What is the standing charge?
The standing charge is a fixed daily charge imposed by your supplier to cover costs they incur when transporting energy to your premises. These costs include fees the supplier has to pay to the National Grid or local distributor for supplying energy to your business, the cost of sending someone to read your meter, and the meter operator’s costs for the maintenance of your meter. Standing charges may also include an emergency gas service.
Most business electricity bills will include a standing charge, although some business gas bills may be provided without a standing charge. It is important to note that the standing charge is not related to the amount of energy you use.
Your supplier may charge you more if your business premises is in a remote or rural area, as it costs more to transport your energy and repair any damage to the energy network.
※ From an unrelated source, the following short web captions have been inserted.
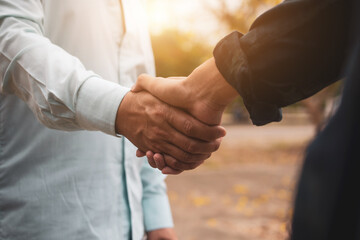 People shake hand greeting teamwork partnership friendship outdoor community
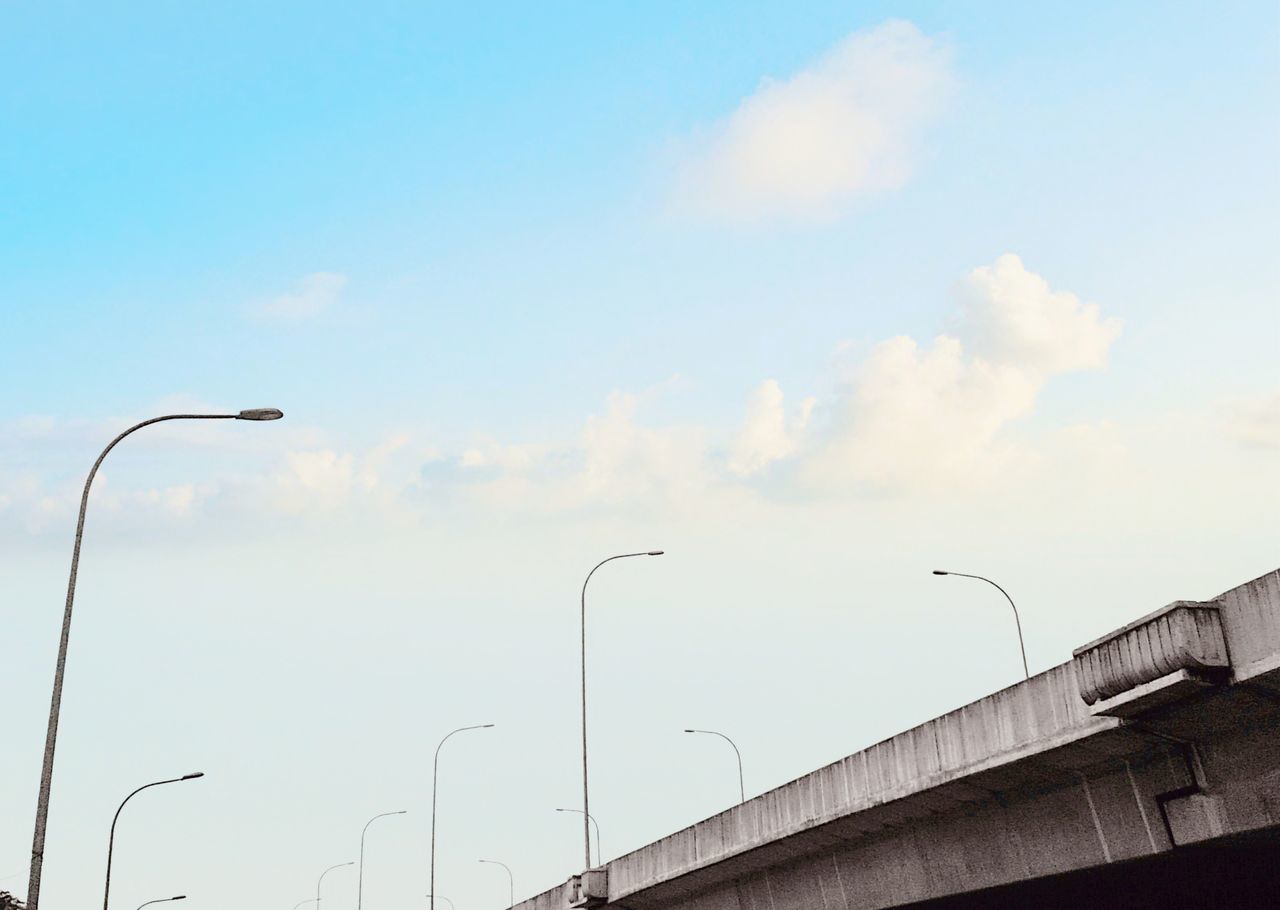 sky, street light, street, cloud - sky, lighting equipment, built structure, architecture, nature, low angle view, no people, day, outdoors, transportation, city, bird, building exterior, direction, light, in a row, flying, place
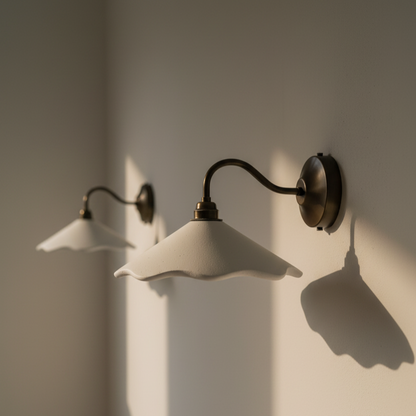 Two wall-mounted lights with white shades and black metal arms on a plain wall.
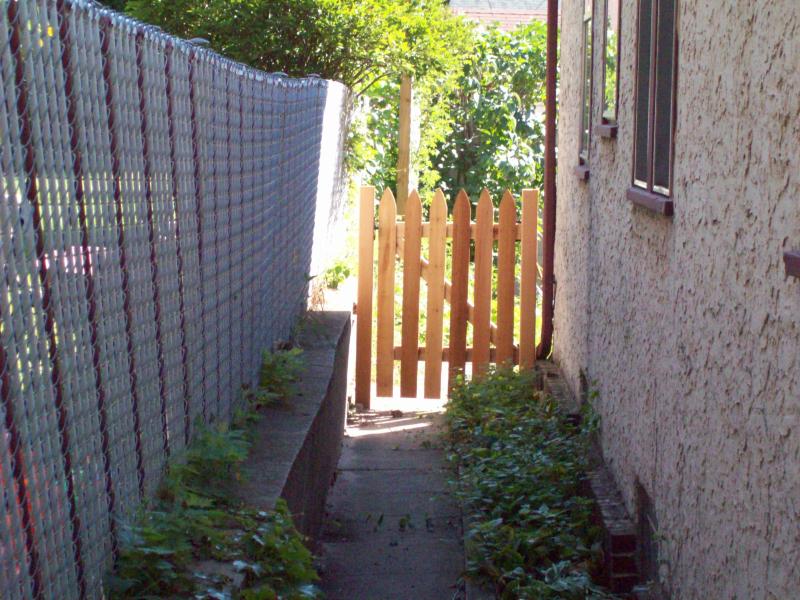 Cedar gothic picket fence installation Minneapolis, Minnesota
Standing charges also tend to differ depending on the size of the business – typically, the larger your business, the lower the standing charge.
Typical standing charges
Typical standing charges per day include:
- Microbusinesses: 27p for electricity and 32p for gas.
- Small businesses: 25p for electricity and 30p for gas.
- Medium-sized businesses: 22p for electricity and 28p for gas.
While some suppliers quote standing charges per year, it is usually quoted as a per day amount. As your energy bill usually arrives on a monthly basis, your standing charge is usually averaged out into a monthly charge. For example, if you are a small business charged 25p per day, your monthly charge will be:
25p x 365 (days in a year) = £91.25 per year. £91.25/12 (months in a year) = £7.60 per month.